In this study, we compared several regimens of transient immunosuppression with immunosuppressants and anti-inflammatory reagents, such as cyclophosphamide, dexamethasone, combination of cycolosporin A, azathioprine, and methylprednisolone and analyzed their effects on sustaining the expression of the CFTR gene. We investigated how these reagents modulate host immunity after HD-Ad vector delivery in mouse airways.

Methods

HD-Ad vector preparation and delivery to mice

HD-K18-CFTR and HD-K18-LacZ vectors were prepared as described previously.^16,19 Briefly, a number of serial passages on 116 cells allow high titer production of helper-dependent Ad5 vectors after three rounds of CsCl density gradient centrifugation. HD-Ad preparations were determined by quantified real-time PCR to contain <0.04% helper virus contamination.
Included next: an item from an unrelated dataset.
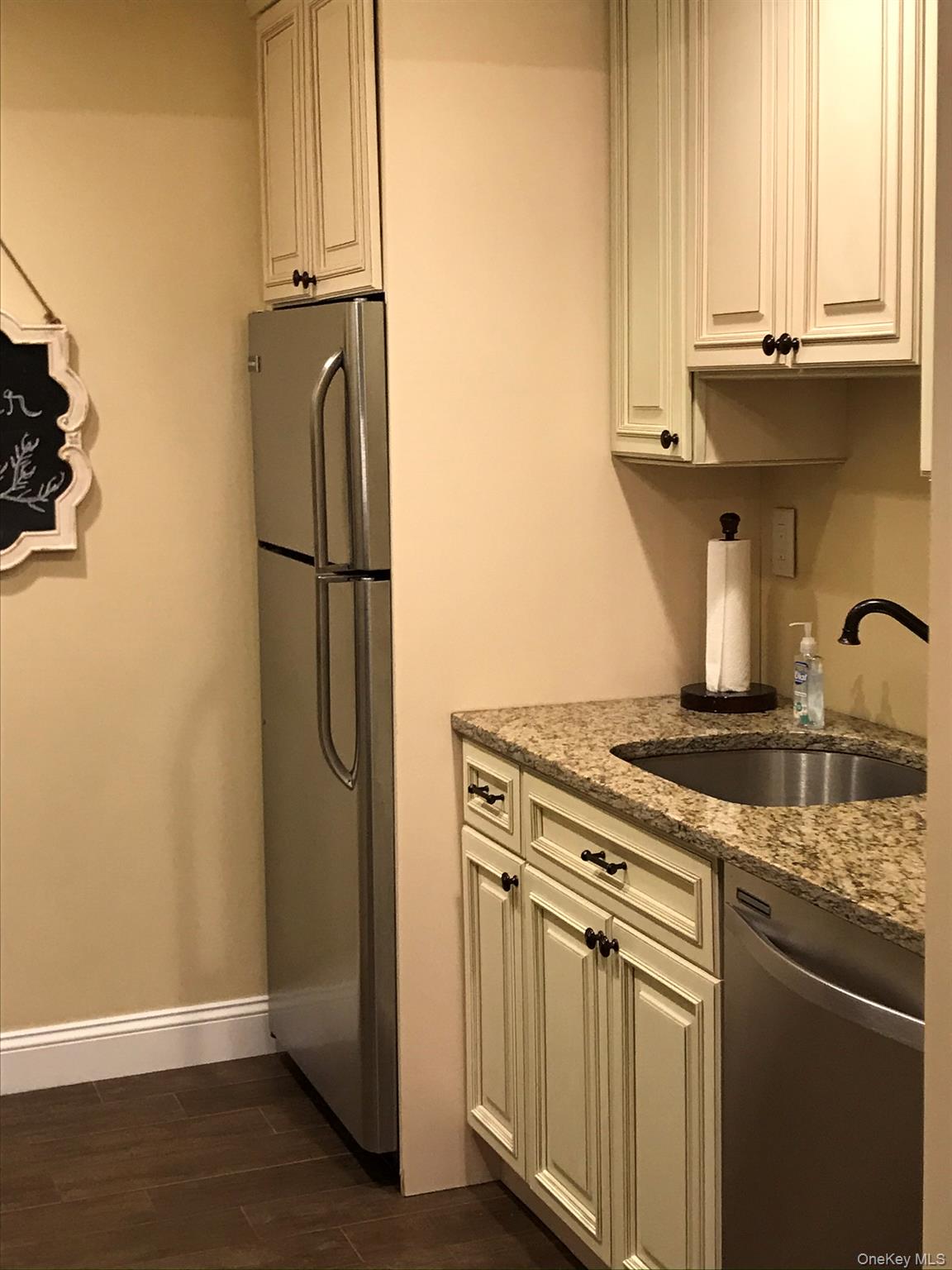 #2 photo, 91 Richmond Boulevard, Ronkonkoma , NY 11779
Ad particle numbers were calculated by absorbance at 260 nm.²⁶

For vector delivery, 8–10-week-old female C57Bl/6 mice (Charles River Laboratories) were anesthetized by isoflurane inhalation and 20 μl of HD-Ad vector in PBS, containing 40 μg/ml DEAE-dextran and 0.01% L-α-lysophosphatidylcholine (Sigma-Aldrich), was placed in small drops onto mouse nares, from which it was aspirated into the lungs. For transient immunosuppression studies on long-term human CFTR (hCFTR) expression, 5 groups of mice (10 for each group) were used in the experiments. One group without vector and drug treatment served as the control group and the base line for antibody analysis. The other four groups of mice received 1.5 × 10¹⁰ HD-K18-hCFTR vectors (vp/mouse); three of these groups were treated with cyclophosphamide (cytoxan; 50 mg/kg), dexamethasone (Dex; 5 mg/kg), or a triple-drug combination of cyclosporin (15 mg/kg), azathioprine (6 mg/kg), and methylprednisolone (25 mg/kg), respectively, at 6 hr before and 48 hr after vector administration by intraperitoneal injection. The group that received HD-Ad vector only was used as a control for transgene expression assays. Four months after vector delivery, the mice were sacrificed and blood samples were collected by cardiac puncture. Bronchoalveolar lavage was performed using 0.9 ml phosphate-buffered saline flushing three times. The lungs were placed in Trizol solution for RNA isolation or in optimal cutting temperature compound for frozen section. For measuring reporter LacZ expression, 2 groups of mice received 1.5 × 10¹⁰ of HD-K18-LacZ, and 1 group was treated with cyclophosphamide (50 mg/kg) by i.p. injection 6 hr before and 48 hr after vector administration. Lung tissues were collected and stored in β-galactosidase buffer for activity assay 100 days after lacZ gene delivery. For early data collection, mice were treated as above and lung tissues were collected 3 days after the treatment.

β-Galactosidase activity assay

Mouse lungs were homogenized in ice-cold buffer consisting of 100 mM K-phosphate pH 7.8, 0.2% Triton X-100, 0.5 mM dithiothreitol, and proteinase inhibitor cocktail (Roche Diagnostics) and total protein was determined by BCA Protein Assay Kit (Pierce). The homogenate was cleared by centrifugation at 4°C, and the supernatant was incubated at 48°C for 50 min to inactivate endogenous enzymes and assayed for β-galactosidase activity using a chemiluminescence kit (Galacto-Light; Applied Biosystems) with microplate luminometer (E.G.&G. Berthold LB96V). Values, expressed as relative light units, were normalized for total protein content.

RNA isolation and qRT-PCR

Total RNA from mouse lungs was isolated using RNAeasy kit (Qiagen) according to the manufacturer's instruction (Invitrogen), followed by DNase digestion. Reverse transcription was performed with 1 μg total RNA using random hexamers and SuperScript II reverse transcriptase following the manufacturer's protocol. For real-time RT-PCR, 10 ng cDNA was used as template in PCR with SYBR Green (ABI Prism 7500; Applied Biosystems). Primers for vector-specific CFTR were designed containing vector sequence. For relative quantification, PCR signals were compared among groups after normalization using 18S ribosomal RNA (Control Reagents; ABI) as an internal reference.

Western blot

Proteins isolated from IB3-1 cells 3 days after cyclophosphamide treatment and HD-K18-CFTR transduction were separated on a 7% SDS-PAGE and probed with anti-hCFTR (clone: 13-1; R&D) antibody followed by HRP-conjugated antimouse secondary antibodies (Vector Laboratories).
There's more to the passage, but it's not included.